<<<<

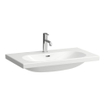 Laufen lua lavabo 80x46x18cm 1 trou pour robinet avec céramique anti-calcaire blanc SW786206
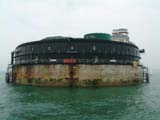 Sea Fort in The Solent (70 kbytes) - Click to enlarge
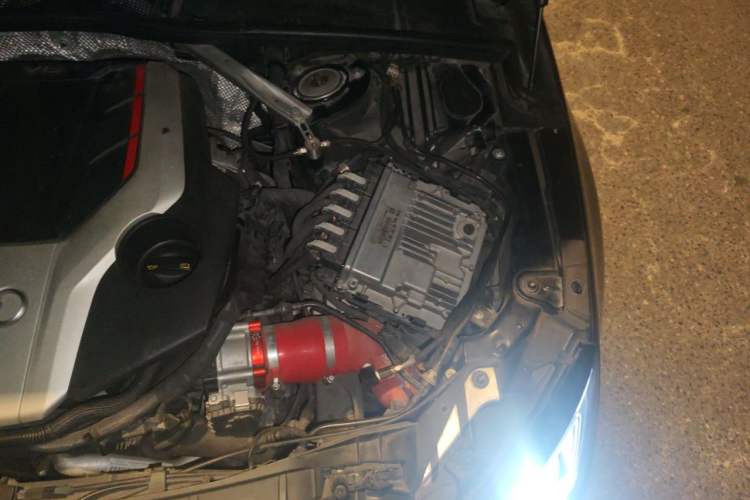 Used Audi S4 2018 S4 3.0TFSI Engine Bay Left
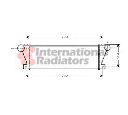 Intercooler, compresor VAN WEZEL 28004021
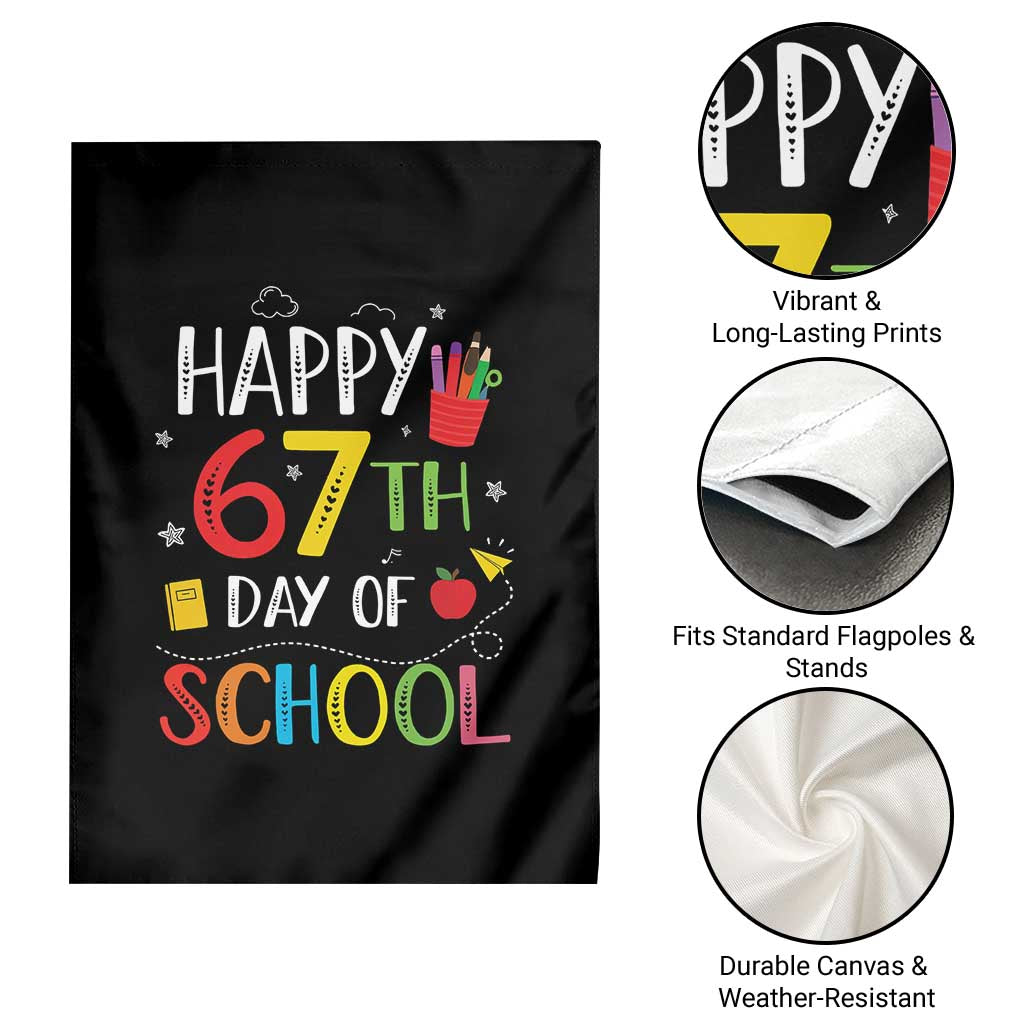 67 Days of School Garden Flag Happy 67th Day Of School Teachers Student Meme - Wonder Print Shop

>>>>

Please transcribe each entry exactly, but skip any picture it holds.

 Laufen lua lavabo 80x46x18cm 1 trou pour robinet avec céramique anti-calcaire blanc SW786206
 Sea Fort in The Solent (70 kbytes) - Click to enlarge
 Used Audi S4 2018 S4 3.0TFSI Engine Bay Left
 Intercooler, compresor VAN WEZEL 28004021
 67 Days of School Garden Flag Happy 67th Day Of School Teachers Student Meme - Wonder Print Shop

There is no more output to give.